Bug in staging vme_user

Mon Feb 25 18:35:43 UTC 2013

On 25/02/13 17:00, ternaryd wrote:
> On Mon, 25 Feb 2013 14:18:21 +0000
> Martyn Welch <martyn.welch at ge.com> wrote:
> 
>> The address space, the cycle type and the data width fields should be
>> a OR'ed set of the capabilities you require from the resource. Not
>> all VME windows are equal, for example on some VME bridges only
>> specific windows are capable of A16 operation. If you are going to
>> user A16, you need to specify that to ensure you get a compatible
>> resource.
> 
> The resource is allocated in vme_user_probe() and vme_master_request()
> has arguments VME_A32, VME_SCT, VME_D32. I do remember previous trials
> where this failed for VME_A16, which isn't compatible, is it?. But right
> now, I've stepped back to a stock kernel and a16 was accepted.
> Something must have changed, I'm not aware of.
> 

It's attempting to allocate 4 windows from memory.
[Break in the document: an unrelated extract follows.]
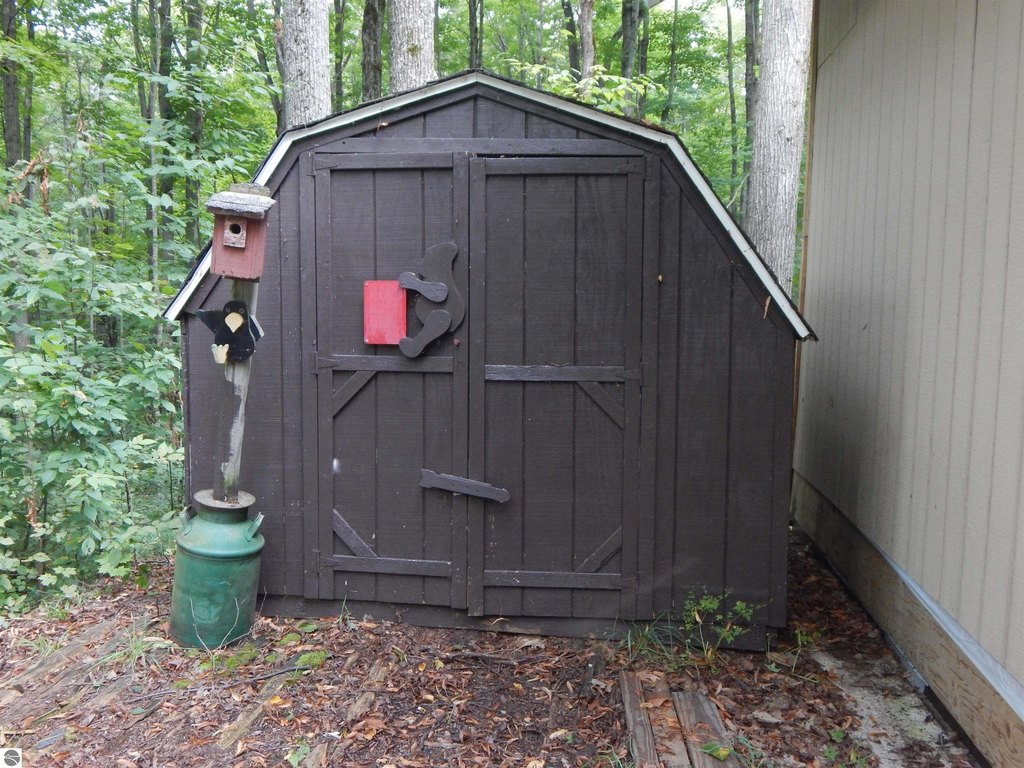 Picture 5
There are only 2
windows in the tsi148 that can address A16. So, without other
modifications the 3rd call requesting a A16 capable window will fail.

> I can imagine, that hardware dependent settings for slave windows can
> be established at boot time. But I can't in case of master windows, as
> those settings also depend on the slave and can change in time.
> 

Both need to be done via the driver interface and not via the u-boot
commands. The drivers do not expect windows to be setup in advance.

>>> What I did not understand is, why image->size_buf is set to
>>> PCI_BUF_SIZE (0x20000).
> 
>> Because that's the size of the buffer (memory allocation) that the
>> vme_user module is allocating for the slave windows:
> 
>>         image[i].kern_buf = vme_alloc_consistent(image[i].resource,
>>                 image[i].size_buf, &image[i].pci_buf);
> 
> OK. This isn't an image representing the slave window, but memory for
> the kernel talking to PCI. Got it.
> 

To make sure were on the same page:

Memory is allocated in the driver (vme_user), this is used to provide
the memory exposed via slave windows on to the VME bus.
vme_alloc_consistent() provides addresses for the allocation in the PCI
address space and virtual kernel address space (I hope my terminology is
correct there). The kernel address is stored in kern_buf and allows the
driver to access the memory (essentially to allow it to be read via
s0-s4) and the PCI address is stored in pci_buf, which is needed to
configure the slave window.

>> You will effectively be setting the base address as 0x0000. The upper
>> 16 bits of that address aren't going to be compared when using the
>> A16 address space.
> 
> Your advices have always been sound. I just stepped back to a stock
> kernel, applied the minimum patches for this board (not related to vme)
> and compiled a fresh kernel with vme_user as a module, everything else
> compiled in. The kernel command line was 
> 
> root=/dev/nfs rw nfsroot=192.168.1.9:/srv/nfs/deb-dev ip=192.168.1.124:192.168.1.9:192.168.1.20:255.255.255.0:vme1022:eth0:off panic=1 console=ttyS0,115200n8 vme_tsi148.geoid=1 vme_tsi148.err_chk=1
> 
> Loading the module with bus=0 worked fine. The arguments to
> VME_SET_MASTER where a16, sct|super|data, d16. Also this was accepted
> without error message. Then some lseeks and writes, and the board
> locked up. This time, I forgot to include the lockdep options, but when
> I did earlier, no further messages where sent. But some 20 minutes
> later, the board rebooted, so the watchdog was still alive.
> Unfortunately, not even the console argument helped.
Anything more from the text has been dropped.